The asshole could then navigate and upload everything wherever he wanted :D

thank you for the suggestion, I chmod the dir to 744 so now images can't be executed

I hadn't thought about the easiest thing ;)

+rep for the quick help
 
It's not going to get "executed" as php if it doesn't have a file extension that php will parse. but you could do something like...

Code:
if(@imagecreatefromstring($uploadedimagestring)) {
//good image
}else {
//badimage
}
note: the @ is to prevent it from throwing an error if it is an invalid image.
 
It's not going to get "executed" as php if it doesn't have a file extension that php will parse. but you could do something like...

Code:
if(@imagecreatefromstring($uploadedimagestring)) {
//good image
}else {
//badimage
}
note: the @ is to prevent it from throwing an error if it is an invalid image.

Thus why I am thinking that even though he says he's blocked anything other than jpg/jpeg/gif/png, that perhaps maybe his filter isn't actually working.

PS on the code Above : You need the GD extension installed for that to work.
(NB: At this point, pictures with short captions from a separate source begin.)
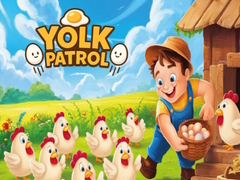 Тоглоом Yolk Patrol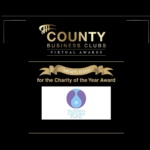 SCF Shortlisted for Charity Of The Year in the County Business Clubs Sussex Virtual Awards - 22nd April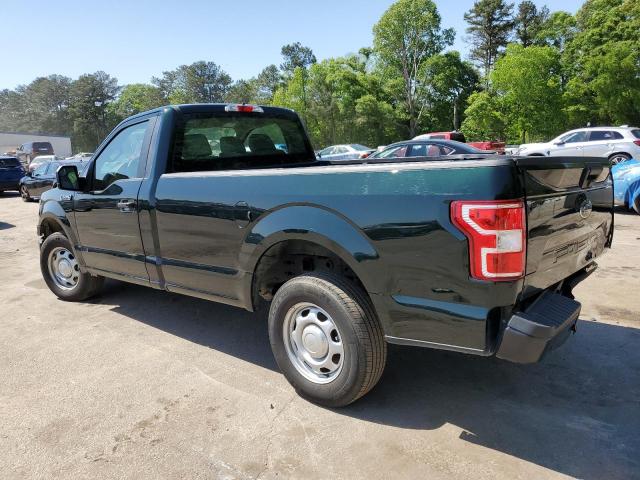 2020 FORD F150 - 1FTMF1CBXLKD53583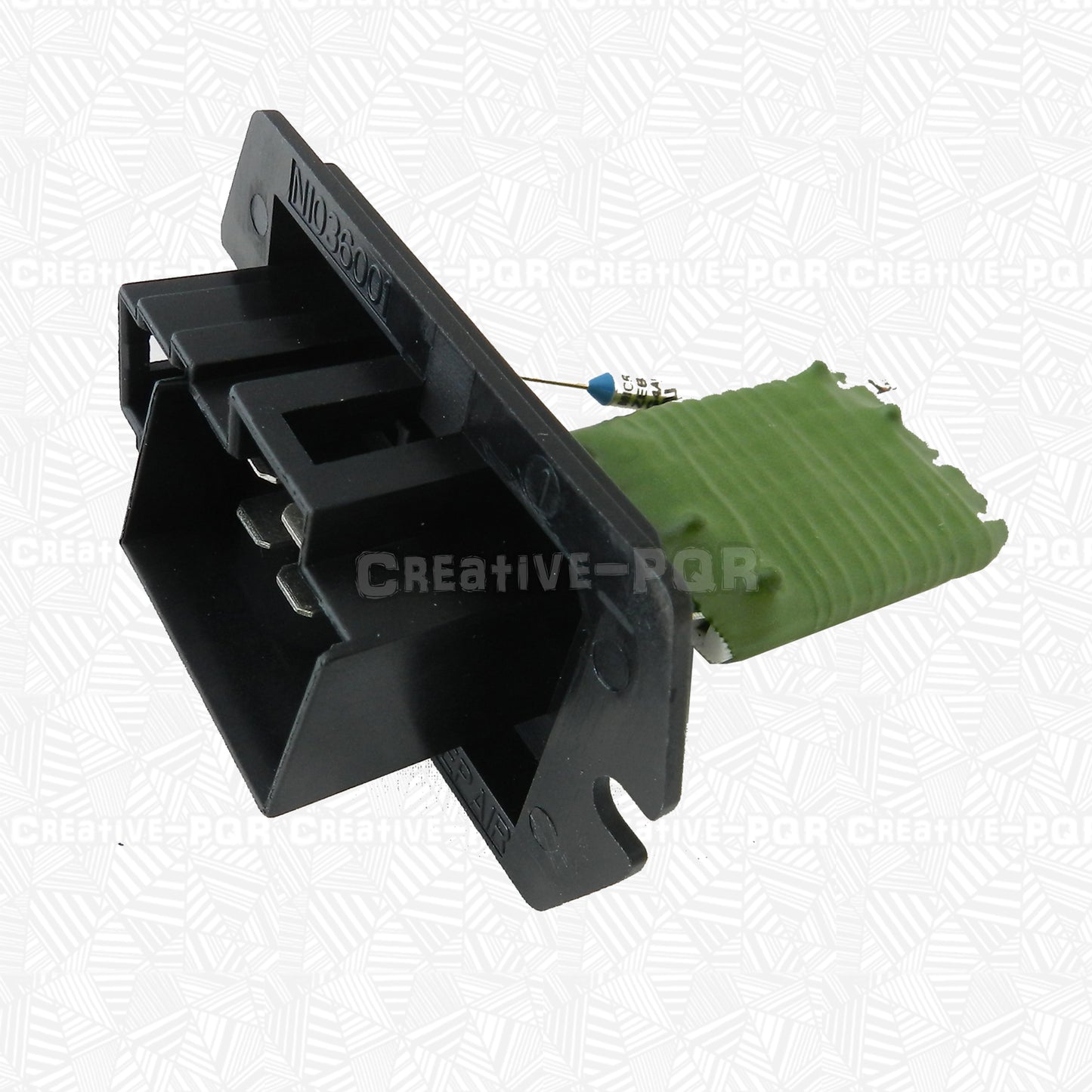 Blower Motor Heater Resistor for Chrysler Voyager (1996–2003)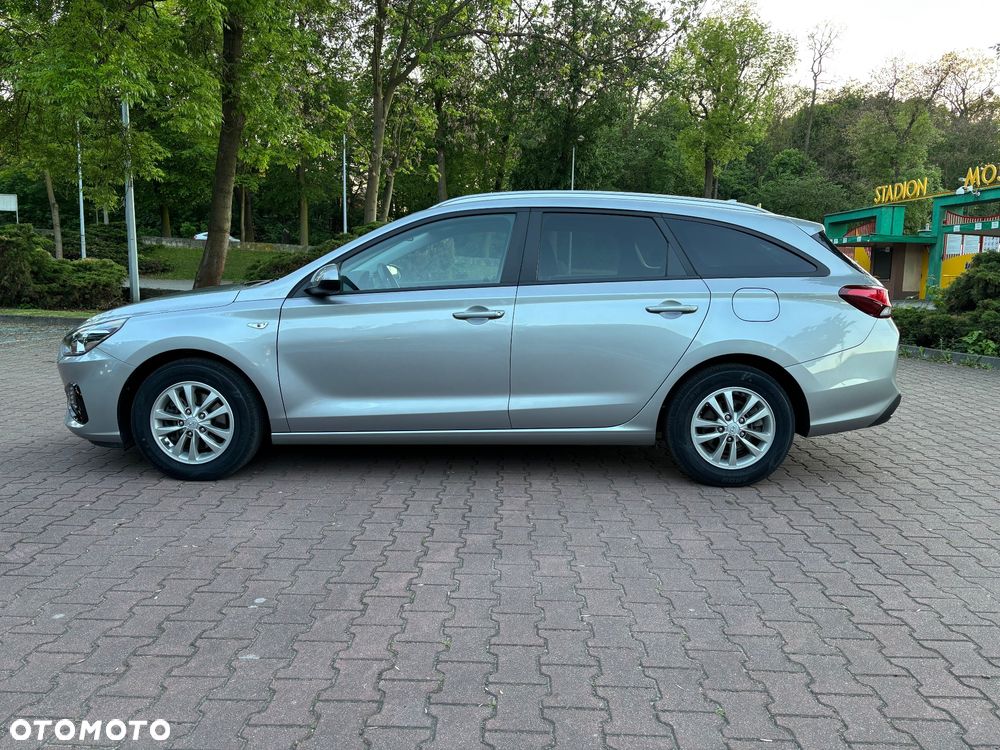 Hyundai i30 1.0 T-GDI Modern - 2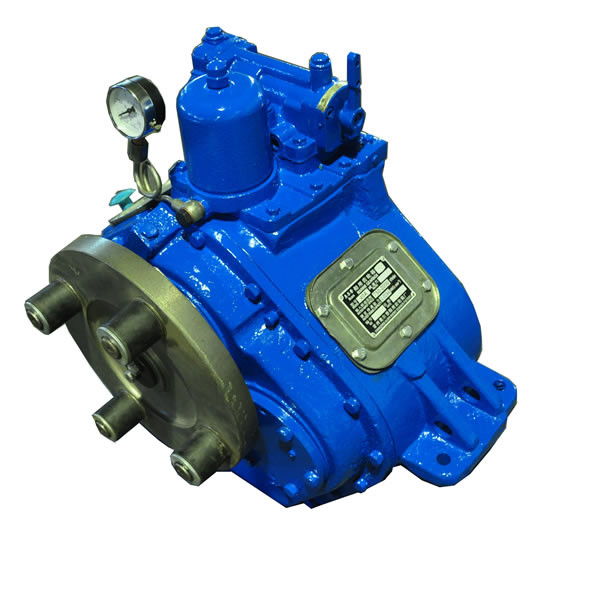 Small High Speed Gearbox Iron Cast Steel Light Weight Speed Reducer Gearbox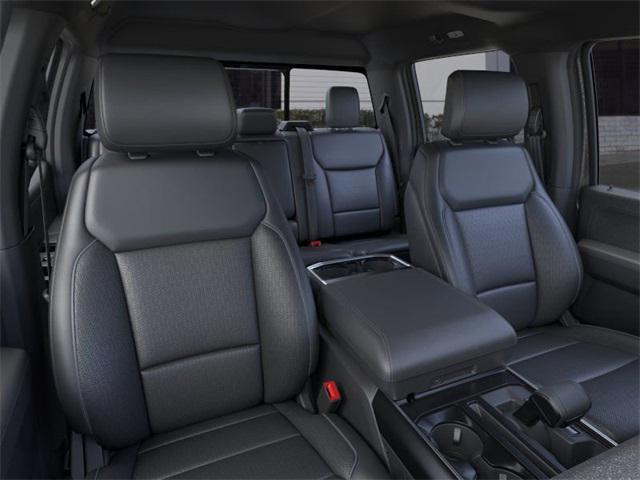 new 2025 Ford F-150 car, priced at $72,023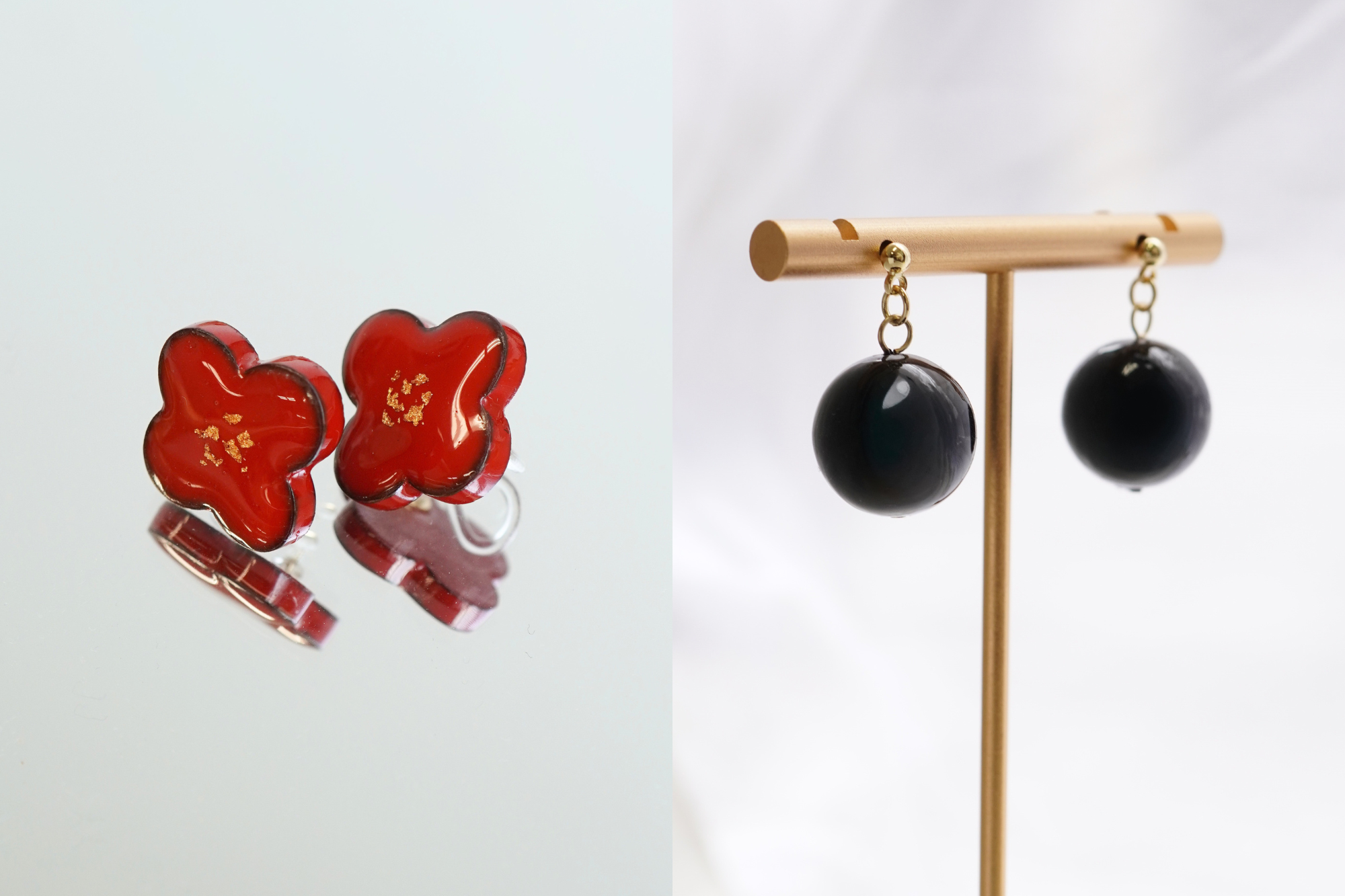 漆アクセサリーってどんなもの?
Also it may be a tad reasource heavy if it gets used often. Also you want to actually create a hook to it so that you can discard of the newly created image if it does indeed work so you don't end up creating a memory leak.
 
Here is what I do --

1. Check if the file is actually an image by using getimagesize().
2. Move the file into a unique folder.
3. Rename the file with a SHA1 of the original file name.
4. Make sure that the only file which is uploaded has valid extension.
 
Seems like overkill to actually have to check to see if the image is real and to be hashing its name and all that.

Honestly the best way to do it is to upload the content into a folder outside of the web-root, and set non-executable permissions. This way even if someone managed to push up a php file... how they hell they going to run it when it's both outside of the web executable area, and doesn't have execute permission. Would be a lot less CPU intensive over time than checking and hashing.